Date of Submission

7-30-2023

Document Type

DiP

Degree

Doctor of Education

Department

Education

Keywords

student voice, Two-Eyed Seeing, best interest of the student, followership leadership, transformative leadership, social justice

Abstract

Educators, educational leaders, and policymakers continue to develop academic interventions for secondary school students who experience ongoing struggles. This approach is understandable given the neoliberal educational goal to support students’ becoming contributing members of society. However, time spent responding to symptoms (i.e., students failing courses) merely maintains the status quo. It negates the exploration of a deeper cause of these struggles. This organizational improvement plan (OIP) explores and initiates a change to respond to a cause of these challenges: lack of student voice in learning environments resulting in diminished student achievement and limited awareness of postsecondary pathway possibilities.
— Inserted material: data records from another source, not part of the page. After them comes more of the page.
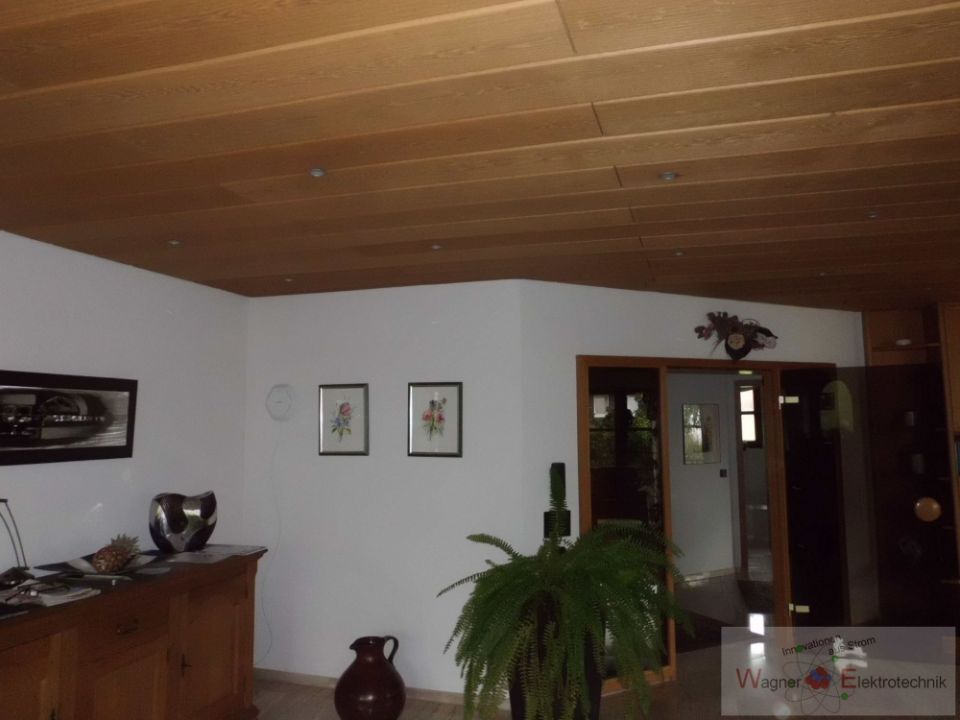 Deckenbeleuchtung von Tobias Wagner Elektrotechnik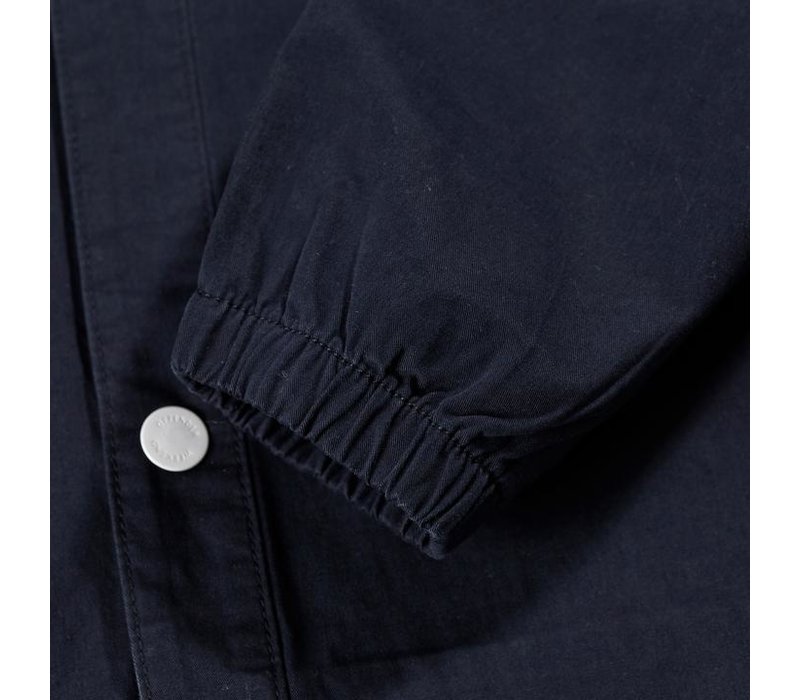 Weekend Offender Immacolata hooded overshirt jacket Navy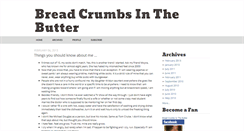 Desktop Screenshot of breadcrumbsinthebutter.typepad.com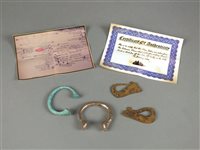 Lot 237 - Two slave bangles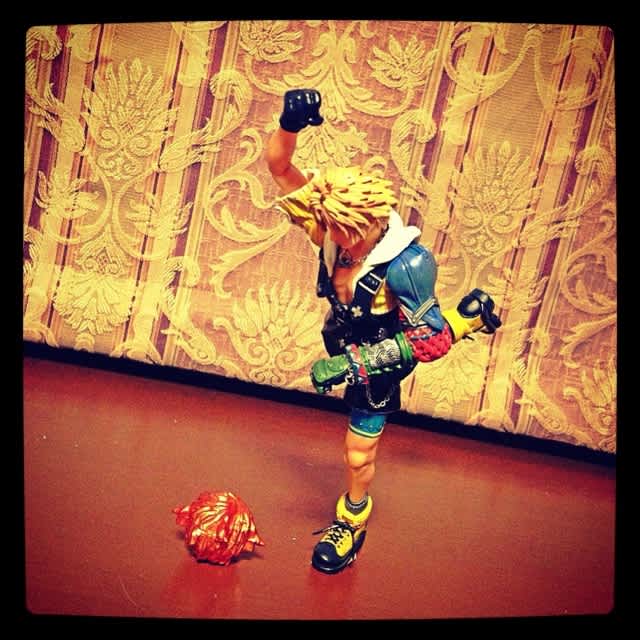 エンカウント ３９ ムンバのしっぽ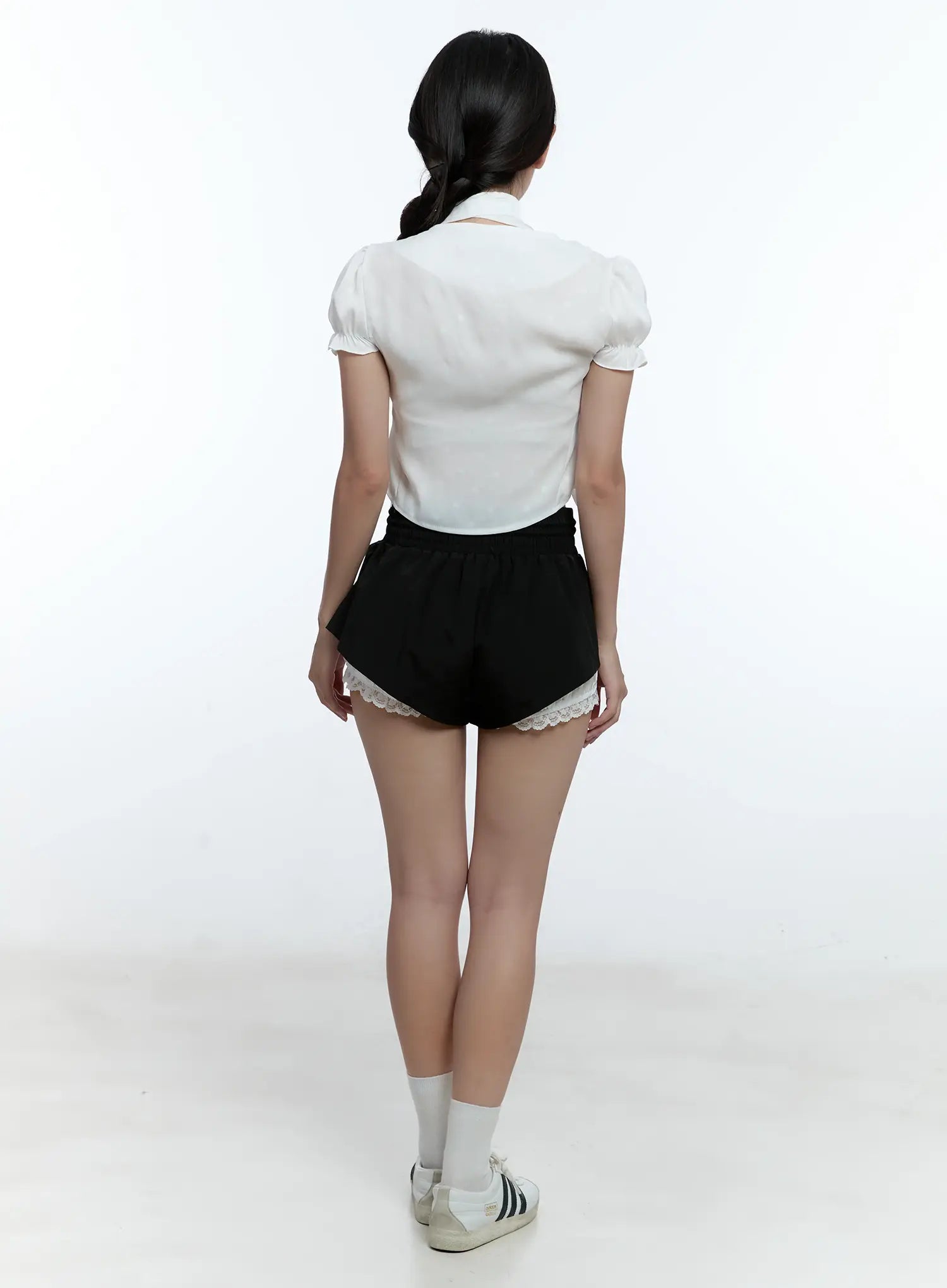 puff-sleeve-crop-top-scarf-cu527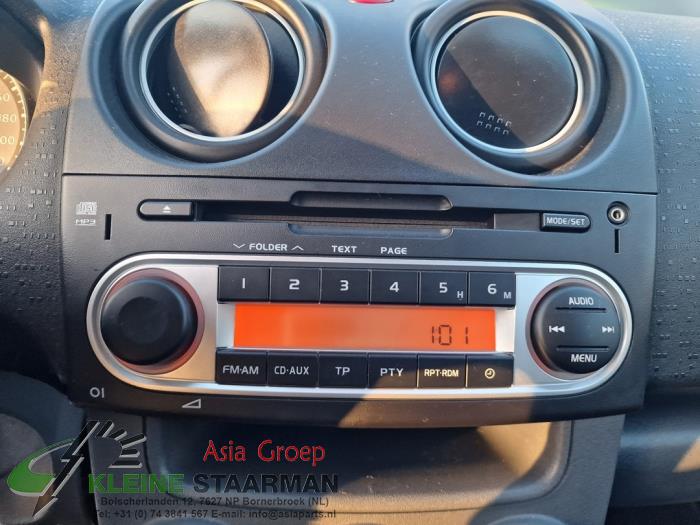 Mitsubishi Colt 1.3 16V Sloopvoertuig (2011, Zwart)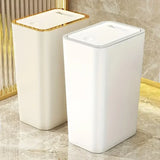 PureVault Compact Waste Bin – 10L Odour-Sealing Press Lid Bin | Modern Space-Saving Design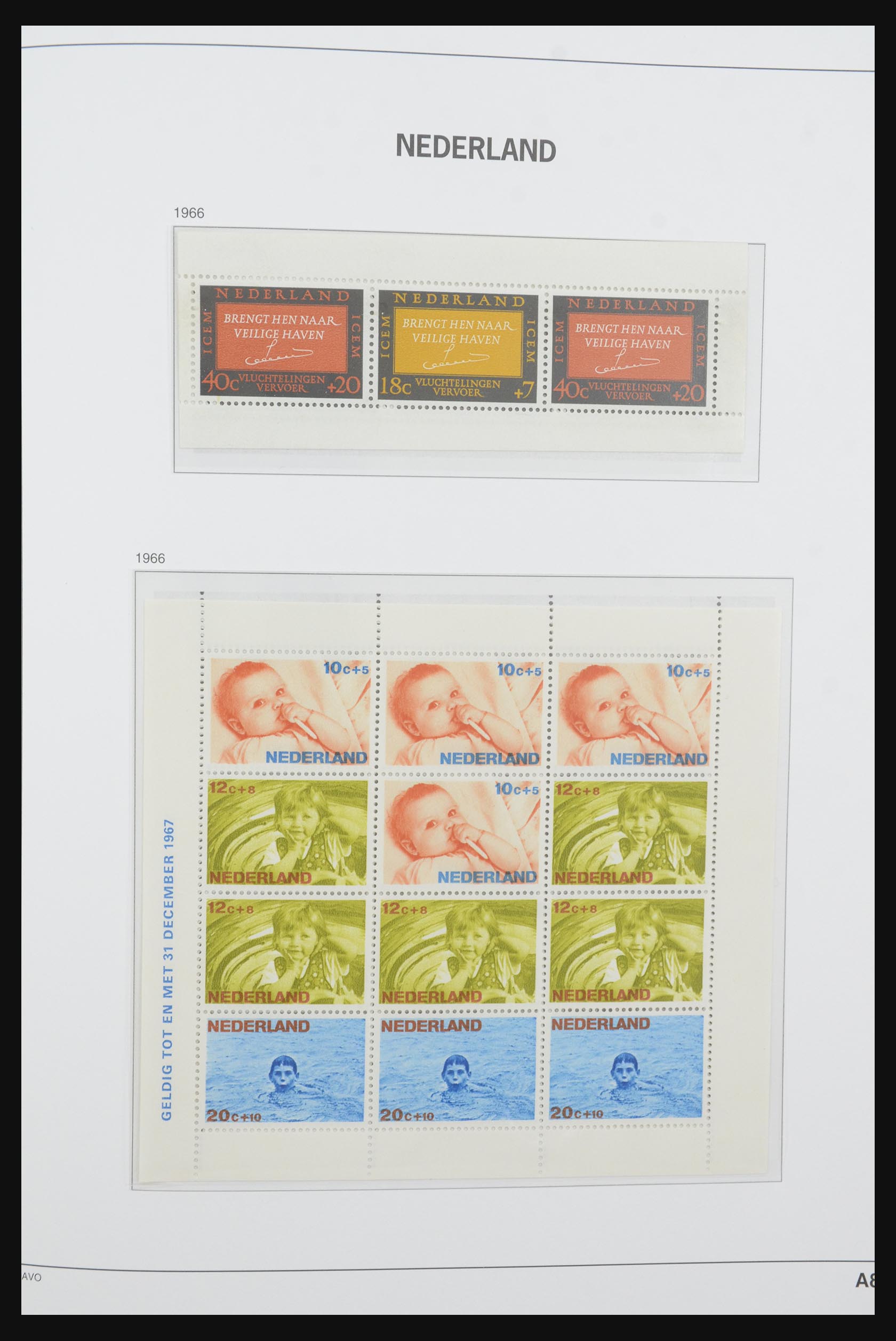 32418 064 - 32418 Netherlands 1876-1967.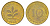 Германия 10 пфеннигов 1994 A KM 108, J. 383 сталь плакированная латунью UNC 4627-132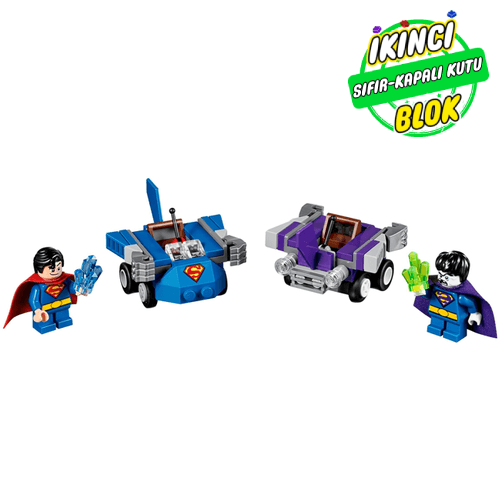 76068 LEGO® Mighty Micros: Superman vs. Bizarro Sıfır Kapalı Kutu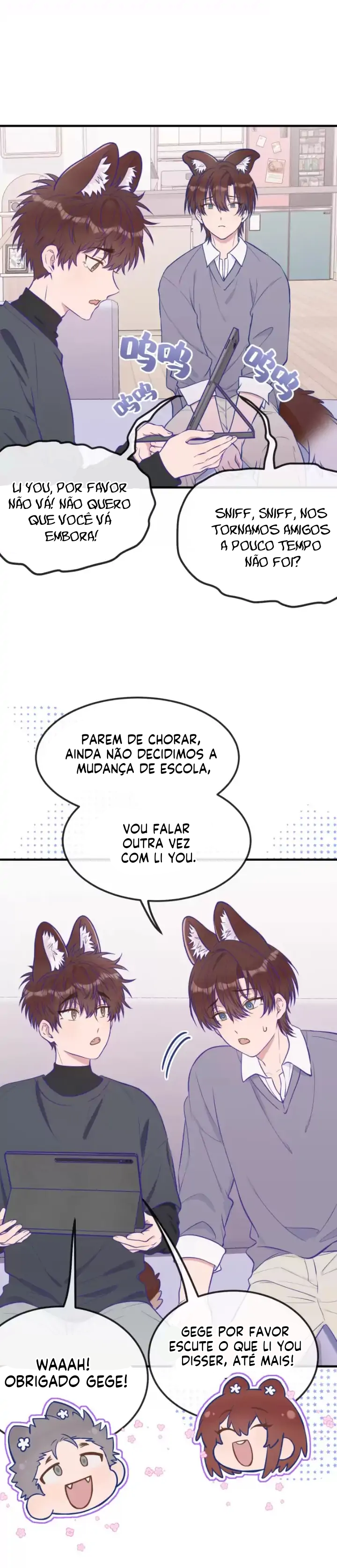 Cachorrinhos Mentirosos São Devorados Capítulo 31 Página 15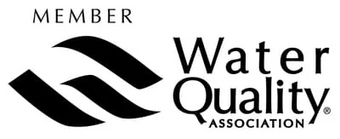 a logo for the florida water quality association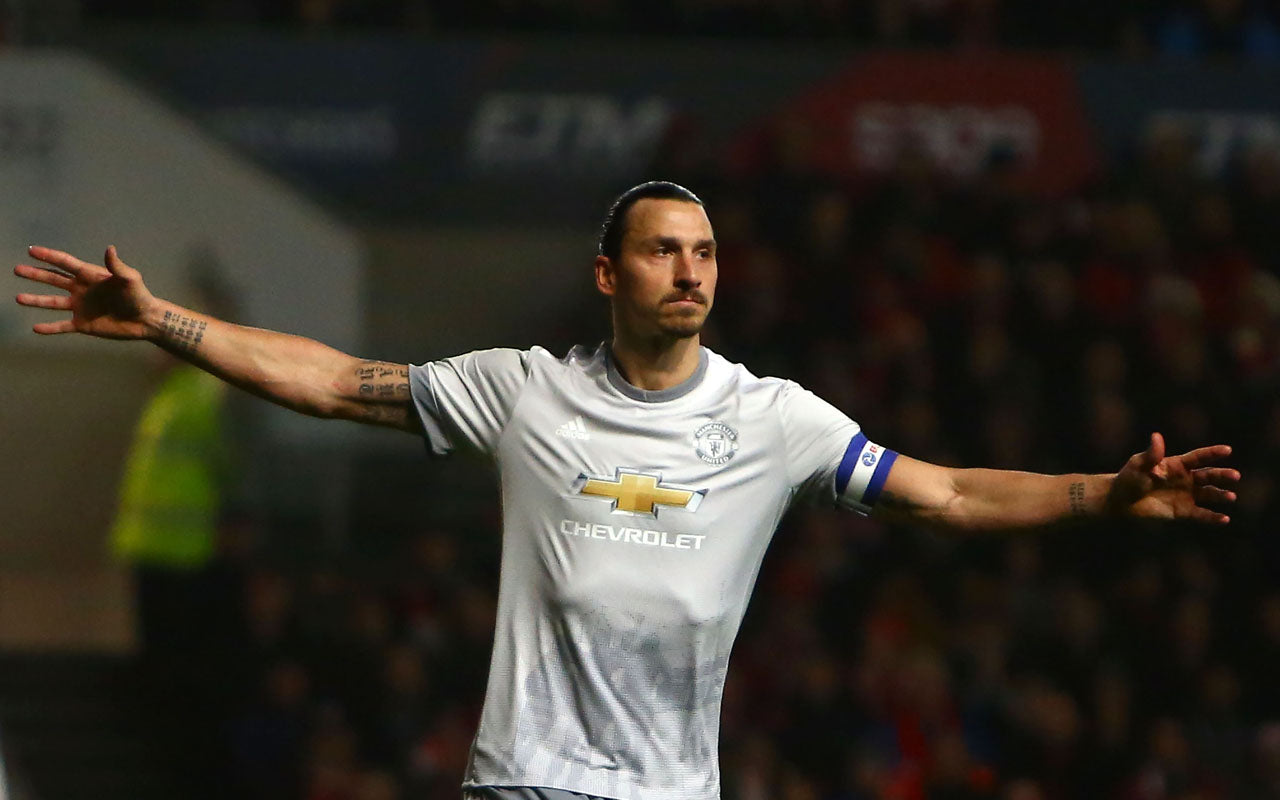Manchester United 2017/18 Ibrahimovic Third Jersey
Although mentioned in education policy and visionary statements, the application of student voice is inconsistent, limited, and often performative as the domination of normalized adult voice prevails. Two-Eyed Seeing and the ethic of the best interest of the student will support the elevation of student voice in reimagining their formal learning experiences. It will further the interrogation and expansion of student demonstration of their learning, privileging student-driven approaches over teacher-centered ones. Transformative and followership leadership approaches situate all participants as learners, collaboratively exploring, identifying, and disrupting assumptions about student learning and teaching practices while co-designing changes that evolve from current reality. This is realized through a discovery-based inquiry cycle, an iterative change model, and a monitoring framework that tracks formative and summative indicators of progress and success. This OIP prioritizes including student voice, situating students as drivers of their learning experience, and reimagining adults’ role in making a difference for a child.